Annette memejamkan matanya mendengar permintaan yang tak terduga itu dan tidak berkata apa-apa. Sejujurnya, dia tidak mau. Berjalan dengan Ludwig akan lebih banyak merugikannya daripada menguntungkannya sekarang, dan jika ada yang melihat mereka, semua rumor itu akan mulai lagi, tentang bagaimana dia masih belum menyerah pada tahta. Dan jika salah satu dari rumor itu sampai ke telinga Raphael…
Memikirkannya saja sudah mengerikan.
Melihatnya ragu-ragu, Ludwig mengulurkan tangannya, jari-jarinya yang anggun sedikit gemetar saat ia memegang tepi renda lengan bajunya.
"Kumohon, Annette," bisiknya dengan nada menyakitkan. "Kumohon."
Wajahnya masih sama cantiknya seperti yang diingatnya, meski pucat karena cemas dan gugup. Annette mendesah. Bukannya Ludwig tidak mengerti situasinya, atau apa yang sedang dilakukannya. Dia melihat sekeliling dan dengan enggan menerimanya.
"Tetapi bawalah setidaknya empat orang pendamping. Aku harus pulang sebelum terlambat, jadi aku hanya bisa tinggal selama setengah jam. Apakah itu tidak apa-apa?"
"Tentu saja, Annette."
Baru kemudian senyum mengembang di wajah sedihnya. Dia segera memahami permintaannya. Dengan cepat, dia memberi isyarat kepada empat pelayan yang berdiri agak jauh, dan saat mereka mendekat, Annette merasa lega. Setidaknya itu lebih baik daripada berdiri sendirian dengannya, dan untungnya, dia membawanya ke istana Putra Mahkota, yang tidak dapat dimasuki siapa pun tanpa izinnya. Itu sangat mengurangi kemungkinan gosip. Lokasi yang sangat bagus.

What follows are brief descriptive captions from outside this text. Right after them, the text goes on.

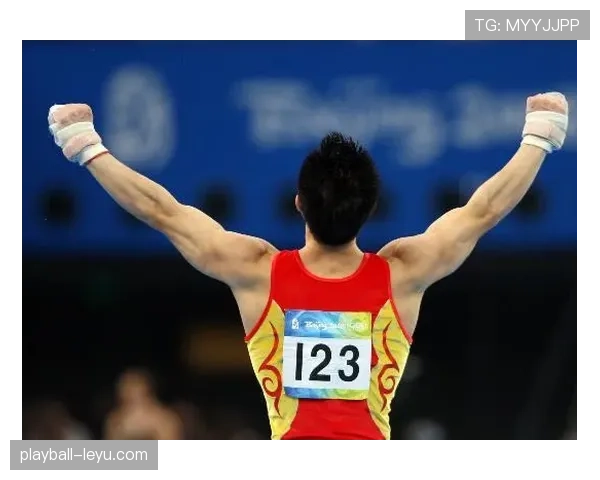 李小鹏穿得跟邻居大叔，比赛里竟然画风差这么多？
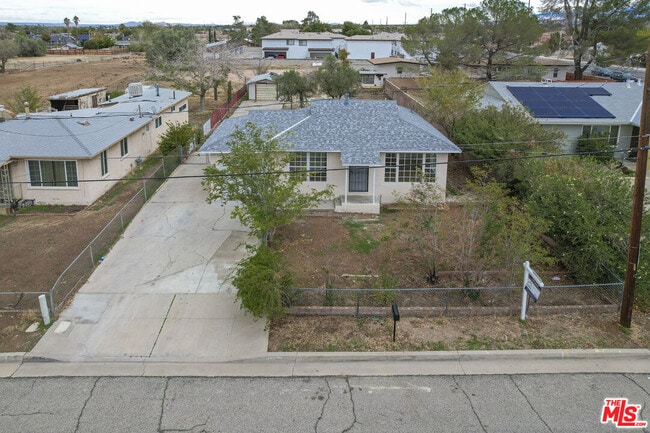 Photo - 38020 12th St E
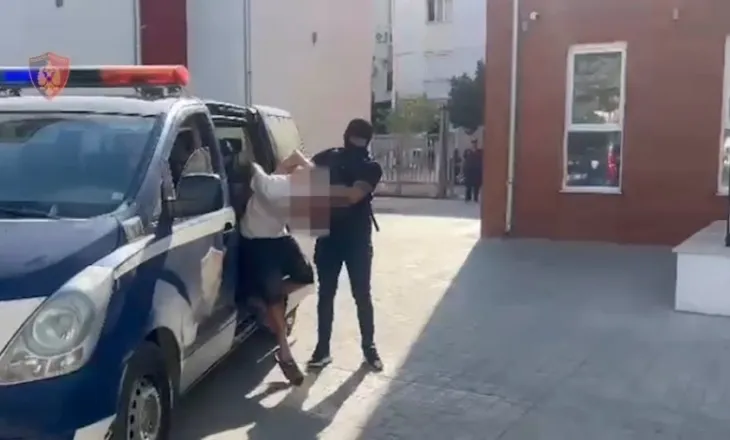 Qëlloi me armë drejt një makine në Kuçovë, kapet në Tiranë autori i dyshuar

Ludwig duduk di bangku lalu terdiam beberapa saat, jelas-jelas bingung harus berkata apa. Annette mengalihkan pandangannya sedikit, menunggu dengan sabar. Ludwig tampak lebih kurus dan gugup daripada yang diingatnya, dan matanya dipenuhi rasa iba.
Kasihan sekali kau.
Dari luar, Ludwig tampak seperti pria yang sempurna. Ia tinggi dan ramping, dengan kulit tanpa cela, dan wajah yang lembut dan cantik seperti wanita. Rambutnya yang panjang dan berwarna perak terurai hingga ke pinggang, berkilauan seperti cahaya bulan, dan membuatnya semakin menarik perhatian. Pria inilah yang akan segera dinobatkan menjadi raja.
Sayangnya Ludwig memiliki satu kelemahan fatal.
"Annette… aduh!"
Ludwig bangkit dari tempat duduknya seolah-olah telah mengambil keputusan, dan langsung tersandung kakinya sendiri. Dengan latihan yang lama, Annette menangkap lengannya dan menariknya kembali. Ludwig adalah pria yang lebih suka berkembang di tempat ia ditanam. Dalam hidupnya. Di masa depan Deltium. Di kursinya.

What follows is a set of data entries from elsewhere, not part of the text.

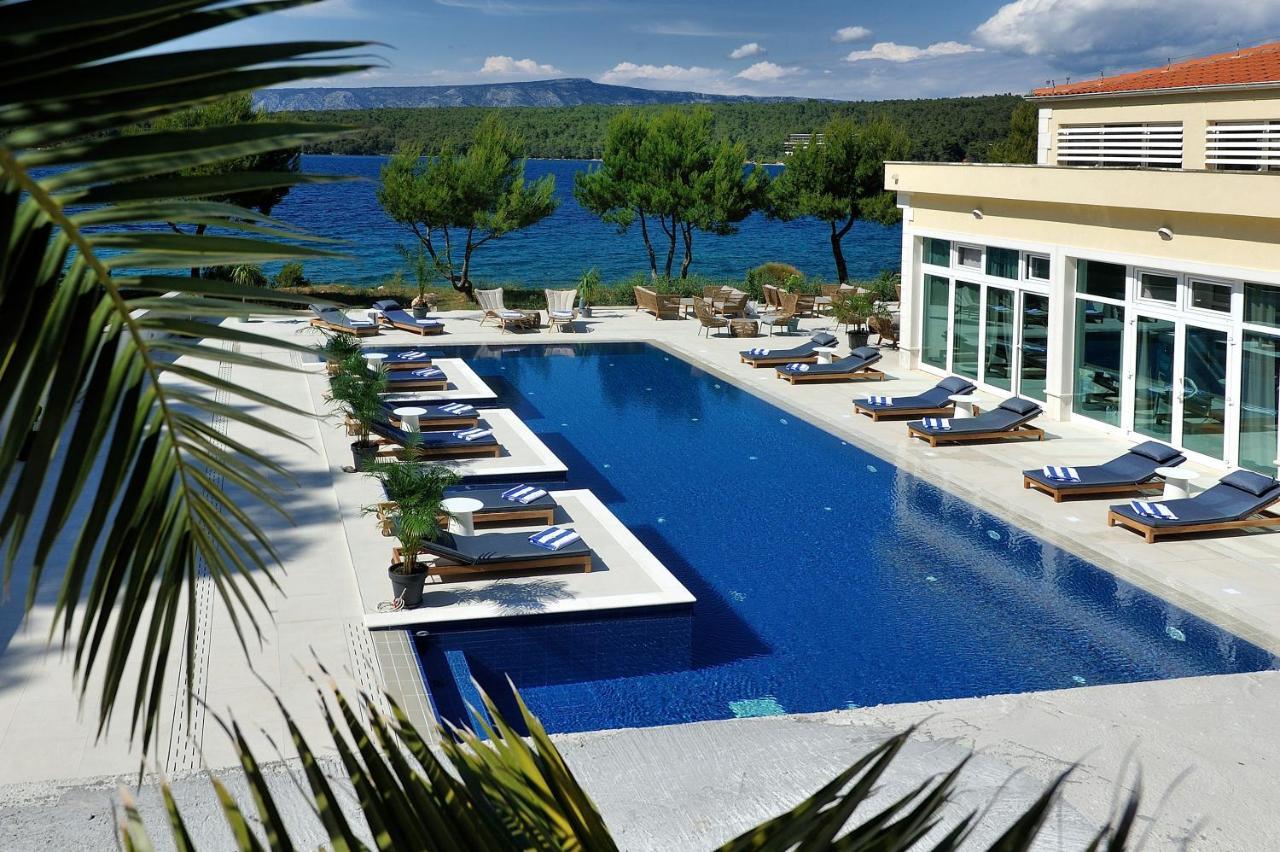 Hotel Antica-Seafront Hotel With Comfortable Rooms And Pool Стари Град Екстериор снимка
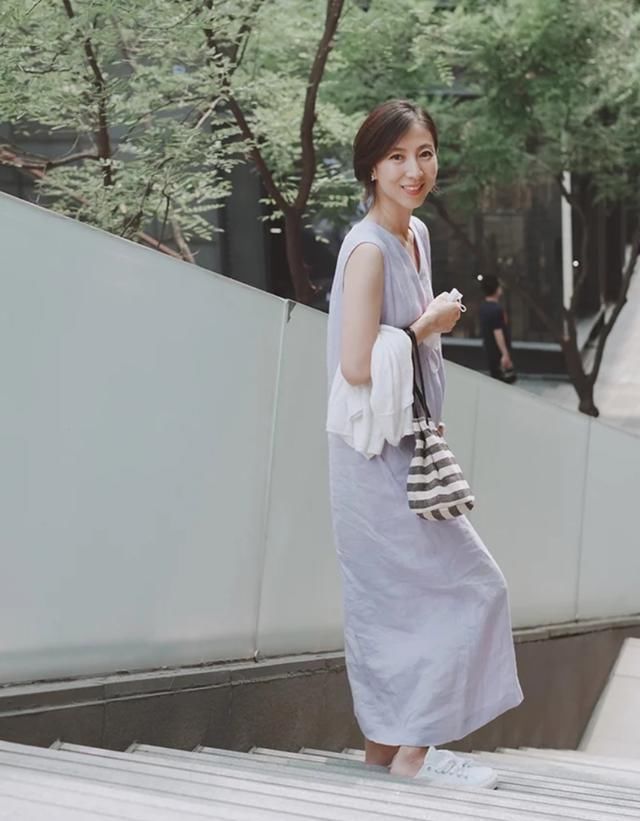  瞬间|40岁女人“大妈感”拉低档次，多穿这几条裙子，颜值气质瞬间提升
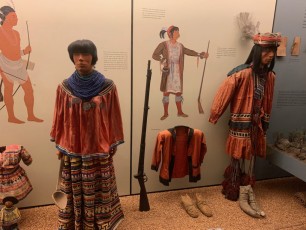 Partie sur les autochtones (indiens) d'Amérique au Musée d'histoire naturelle de New-York (American Museum of Natural History)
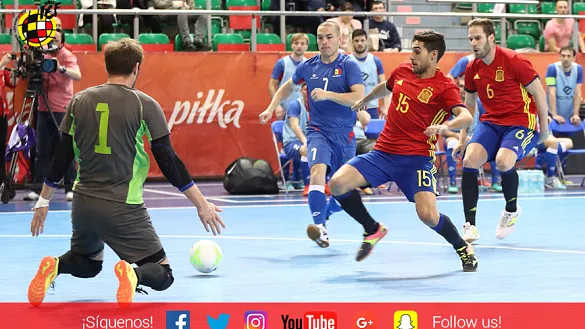 Momento del partido entre España y Moldavia disputado en Elblag (Polonia)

"Apakah Anda baik-baik saja, Yang Mulia?"
"Oh, terima kasih, Annette. Sungguh memalukan," katanya saat Annette menegakkan tubuhnya. Ludwig memiliki penampilan yang sempurna dan tampak seolah-olah dia harus pandai dalam segala hal, tetapi itu jauh dari kenyataan. Dia sangat ceroboh. Segala hal yang membutuhkan koordinasi berakhir dengan bencana. Dia tidak pernah bisa memimpikan kegiatan yang intens seperti menunggang kuda atau bertarung dengan pedang. Bahkan di permukaan yang benar-benar datar, dia akan tetap terkapar dan memakan debu.

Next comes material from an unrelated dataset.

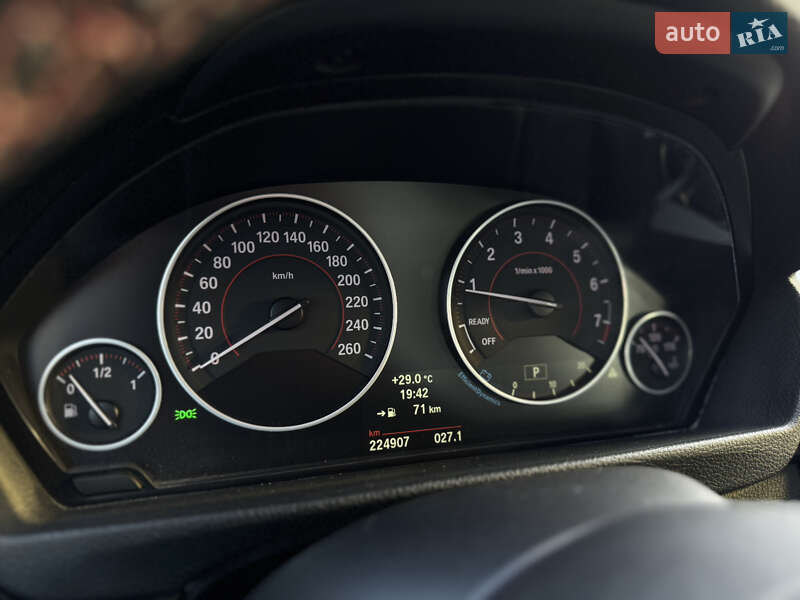 Седан BMW 3 Series 2013 в Николаеве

Baru saja terjatuh di depan Annette, Ludwig tersipu. Ia menarik napas dalam-dalam dan menatapnya. Annette mengerjap, berharap ia akan bangun dan menyelesaikannya. Saat mata mereka bertemu, rasa sakit terpancar di wajah cantiknya. Bibir merahnya bergerak.
"Maafkan aku, Annette," bisiknya menyakitkan.